## EXERCISE
Print exactly the lines from the one that contains "Nepalese Prime Minister" through the last line of the material, both included, and leave out all pictures.

## GIVEN DATA
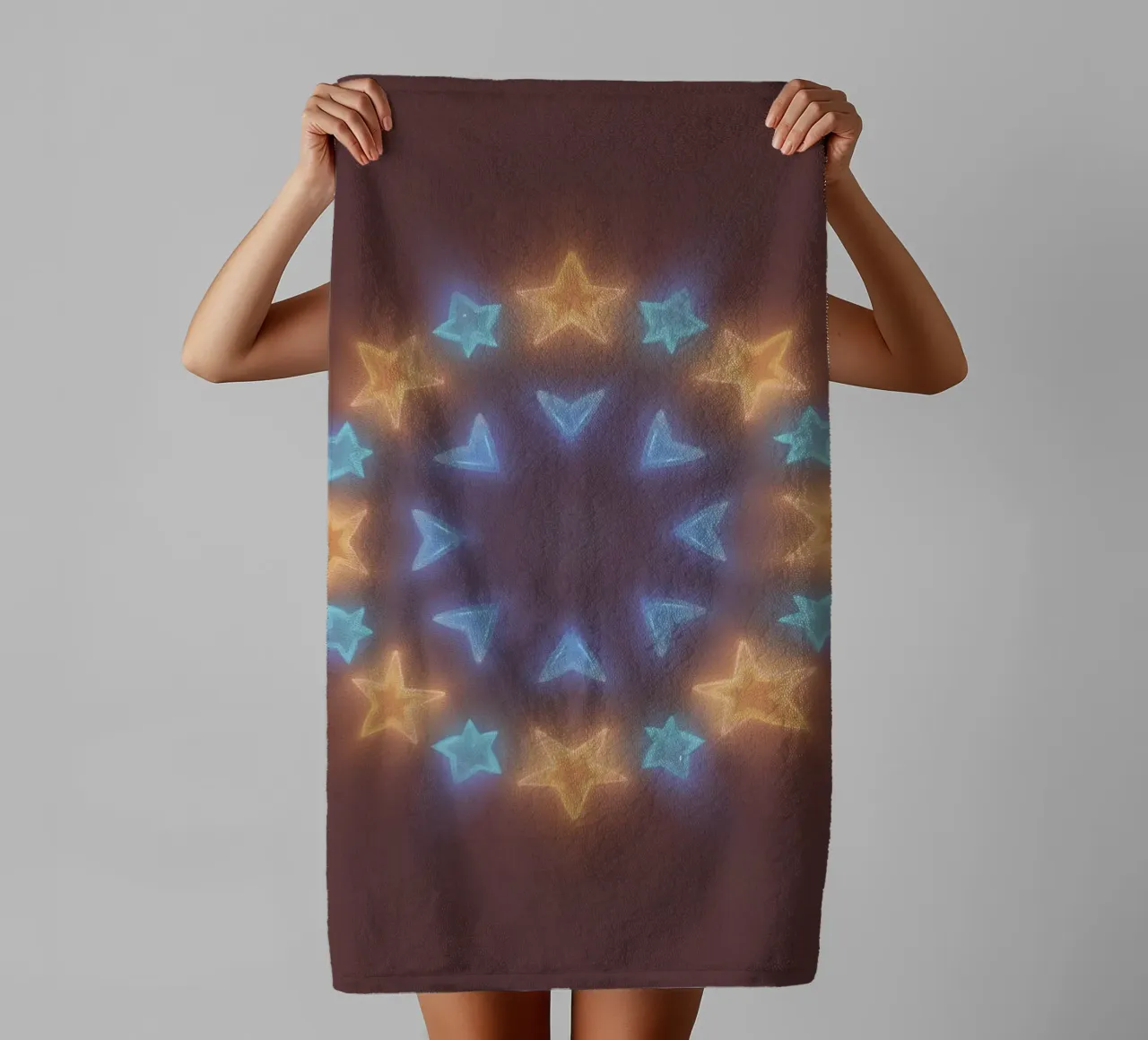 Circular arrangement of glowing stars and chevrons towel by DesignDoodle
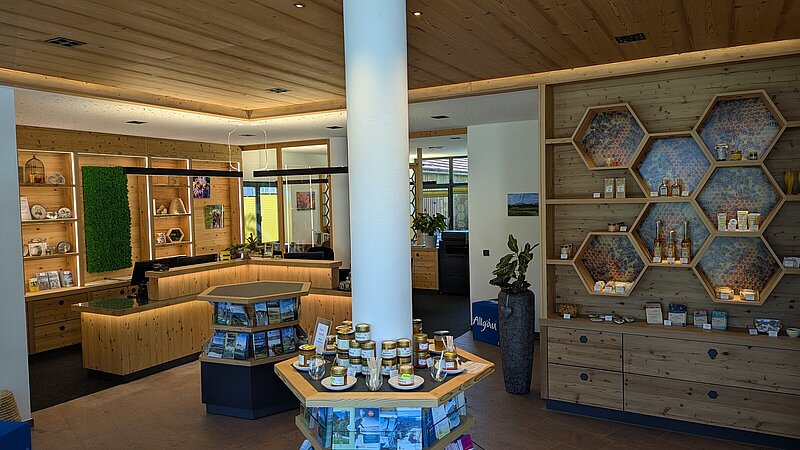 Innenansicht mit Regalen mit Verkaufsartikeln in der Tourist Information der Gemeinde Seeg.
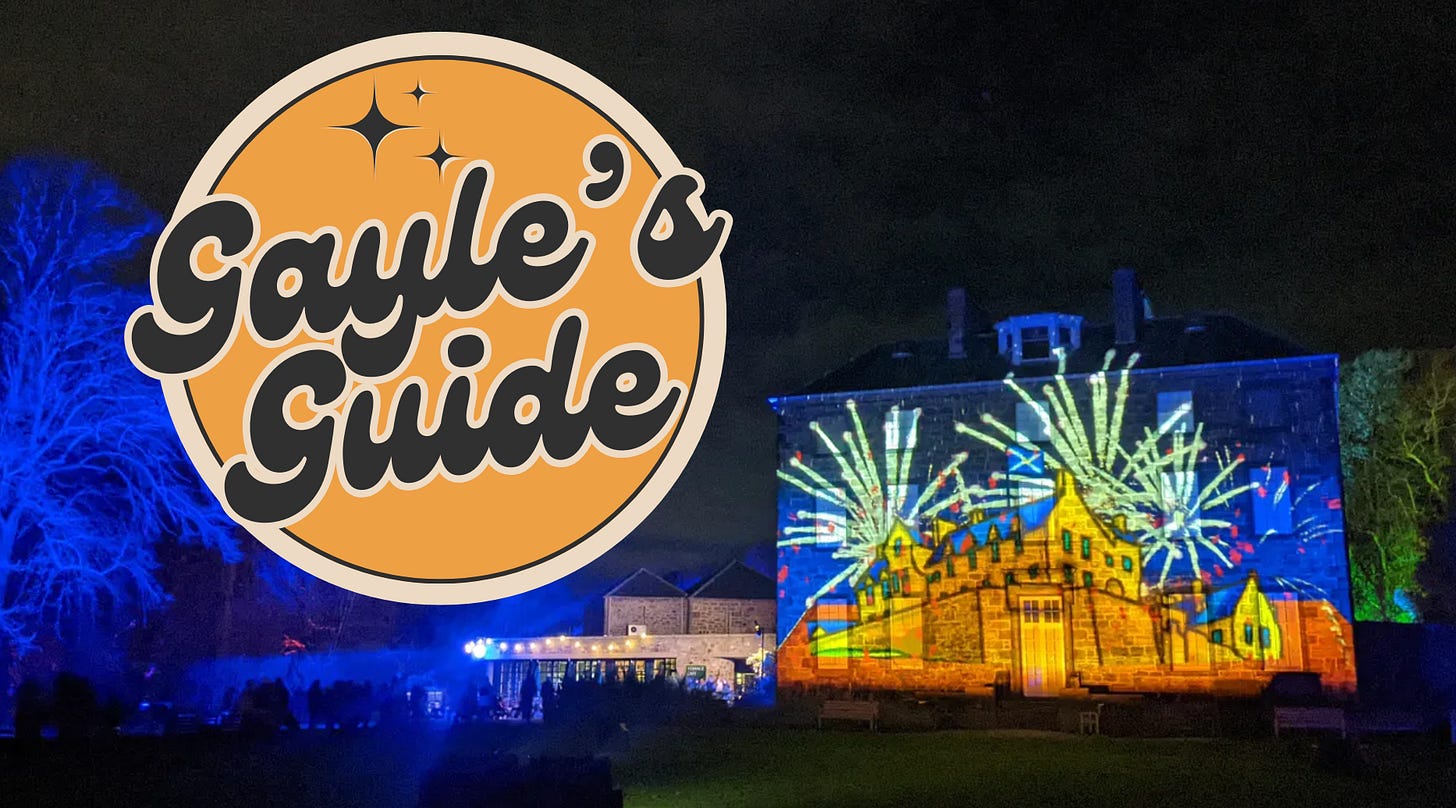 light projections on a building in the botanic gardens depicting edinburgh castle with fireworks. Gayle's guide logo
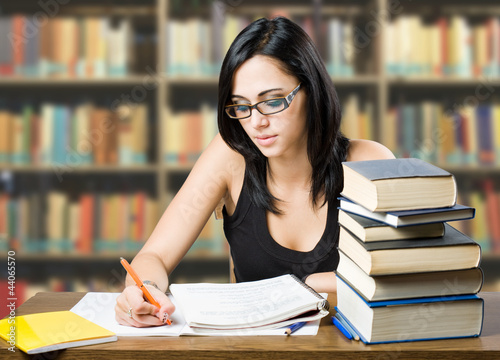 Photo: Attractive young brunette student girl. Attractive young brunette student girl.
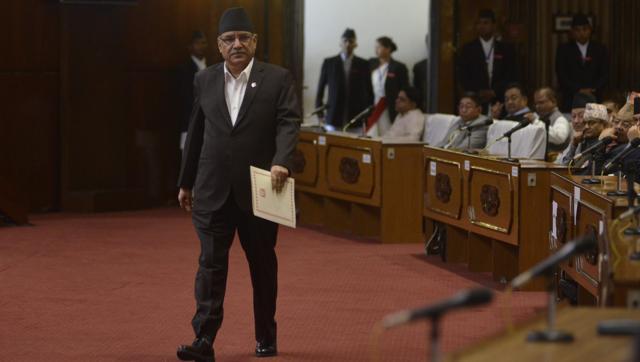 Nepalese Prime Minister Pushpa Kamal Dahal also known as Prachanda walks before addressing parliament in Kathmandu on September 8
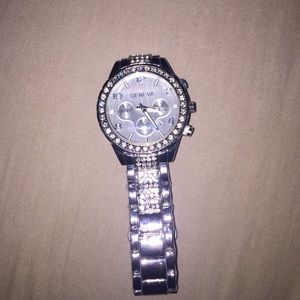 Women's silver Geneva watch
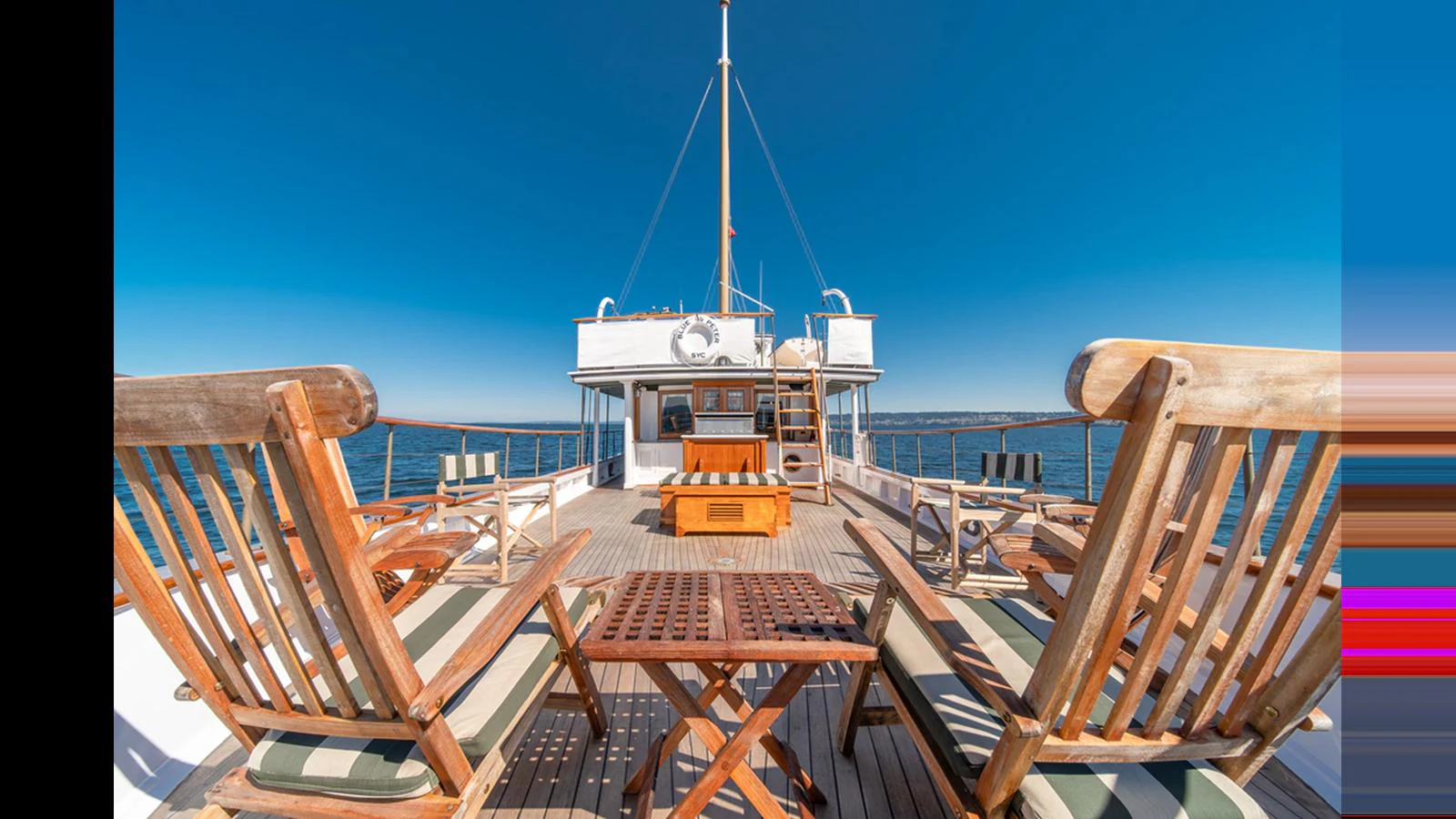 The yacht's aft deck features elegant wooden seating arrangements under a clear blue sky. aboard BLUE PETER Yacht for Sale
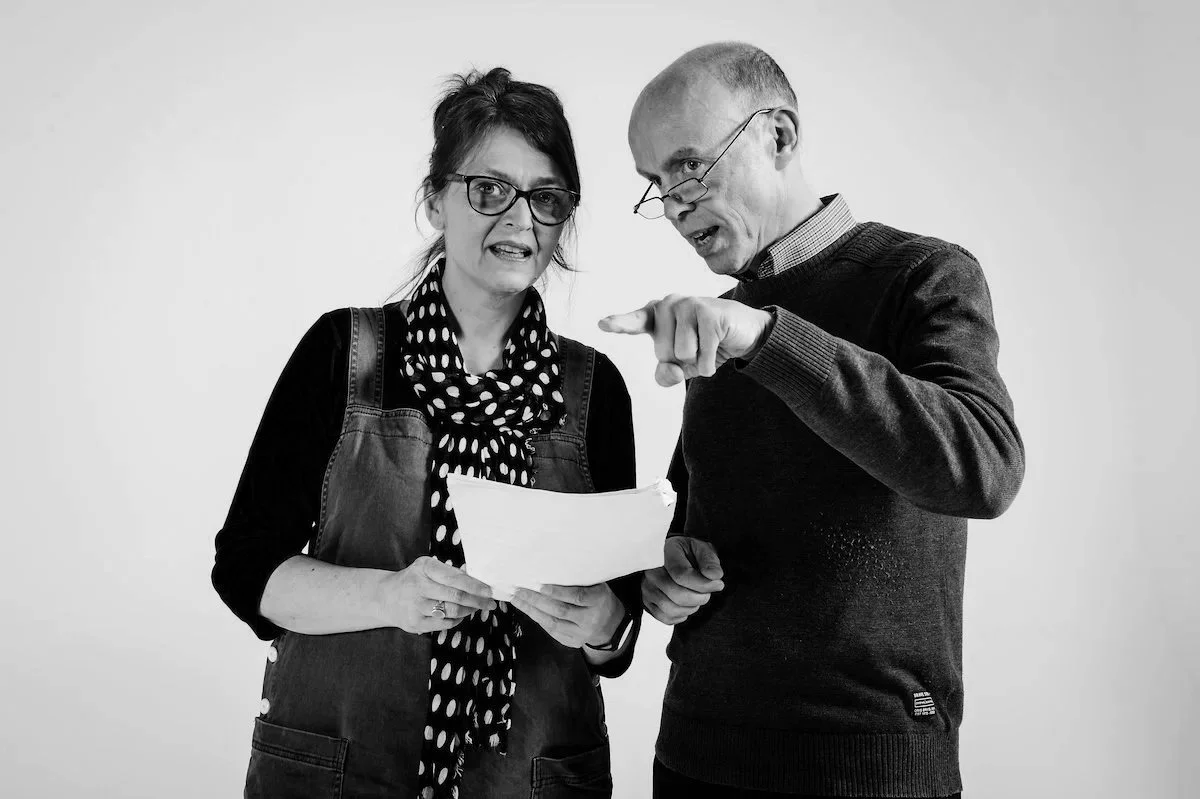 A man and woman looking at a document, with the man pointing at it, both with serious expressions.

## PROBLEM SOLUTION
 Nepalese Prime Minister Pushpa Kamal Dahal also known as Prachanda walks before addressing parliament in Kathmandu on September 8
 Women's silver Geneva watch
 The yacht's aft deck features elegant wooden seating arrangements under a clear blue sky. aboard BLUE PETER Yacht for Sale
 A man and woman looking at a document, with the man pointing at it, both with serious expressions.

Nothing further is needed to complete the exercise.